Not to discount debut album Real Life (1978) or 1980's The Correct Use of Soap, but Secondhand Daylight stands out as the best Magazine longplayer (best not mention the patchy Magic, Murder & the Weather). Apparently it received scathing reviews, people invoking prog, which they probably would have done had Ian Curtis been alive when Closer came out.
Excepting single Rhythm of Cruelty, with its killer-opening line ("I brought your face down on my head, it was something I rehearsed in a dream"), it's a downbeat collection, rooted in a bleak tone. This, perhaps, has made it appealing and singular and to me one of the great albums of a great era (see Y, Dub Housing, Unknown Pleasures, Metal Box, The Affectionate Punch...).
Feed the Enemy feels very much like the next step on from instrumental tracks on Bowies's Low & "Heroes" albums, no surprise as producer Colin Thurston engineered those records (sadly Thurston died recently - RIP). The futurist synth & sax intro are very Bowie, Barry Adamson & John McGeoch's playing is amazing as the song builds and Howard Devoto comes in with another great opening line: "It's always raining over the border, there's been a plane crash out there/In the wheatfields they're picking up the pieces/We could go look & stare." This fits very well with the literature of JG Ballard for me...The song is strange, "you could dance with me and punch me through", ...Magazine feel a little neglected- unlike say, Joy Division. Nice to note that McGeoch also played the sax, the intro recurs as a solo, taking the song to its conclusion...
Rhythm of Cruelty sticks out loads, it's the closest thing to tracks like The Light Pours Out of Me and Shot By Both Sides; an instrumental like The Thin Air is more typical of the album: bleak, vast...Back to Nature is in many ways the centrepiece of the album, not far off seven minutes long, it is probably the best moment from co-writers Devoto & Dave Formula. Bowie lost it after "Heroes", Wire perhaps took on the mantle with 154, or Magazine did with the double-whammy of Secondhand Daylight & The Correct Use of Soap, & by 1981, Associates would take on the influence and expand with Fourth Drawer Down & Sulk. Bowie never sounded this wild, Back to Nature goes all over the place, a song of great complexity, as the band come in to just Devoto and Formula. Adamson's basslines sound as great as those of Bernard Edwards & Jah Wobble...
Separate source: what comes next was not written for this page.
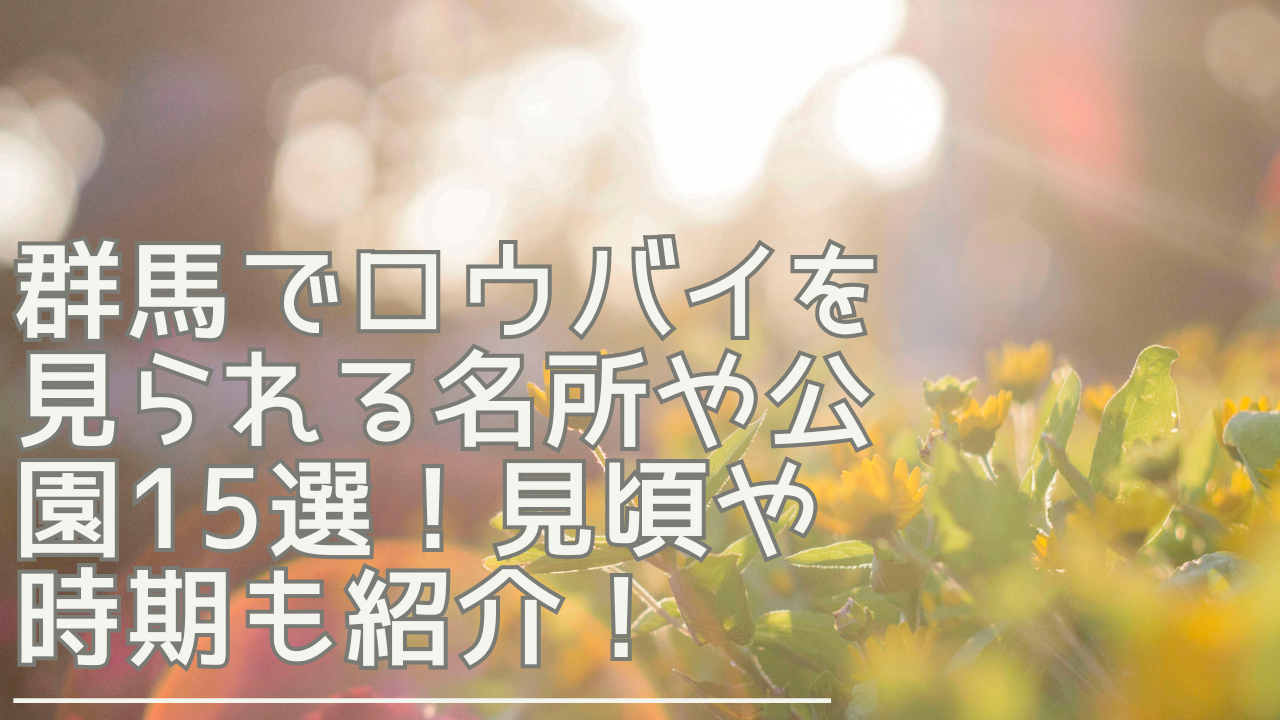 gunma-roubai-eyecatch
My favourite track from this album, & one that sums it up well is Permafrost, solely written by Devoto with sensitive bassplaying from Adamson (McGeoch's part is less noticeable, which might account for the guitar-inflections of Soap, or him joining Siouxsie & the Banshees). The bass, drone-like keyboards and machina-drumming are perfectly suited to Devoto's alienated lyrics, "Today I bumped into you again, I have no idea what you want, but there was something I meant to say", the chorus memorably hardcore- Samuel Beckett on William Burroughs pills. Permafrost sounds simply huge, McGeoch's solo is great- but not long enough, the song really should be an half-hour piece of Can-epicness. Perhaps more an anti-guitar solo?- there's a sense that this is just a machine-rhythm and there is little left to say. A bleak, but perfect end to a classic album...
Real Life & The Correct Use of Soap may be the better introductions to Devoto & co (or the compilations Rays&Hail and Where the Power Is), but Secondhand Daylight remains their masterpiece.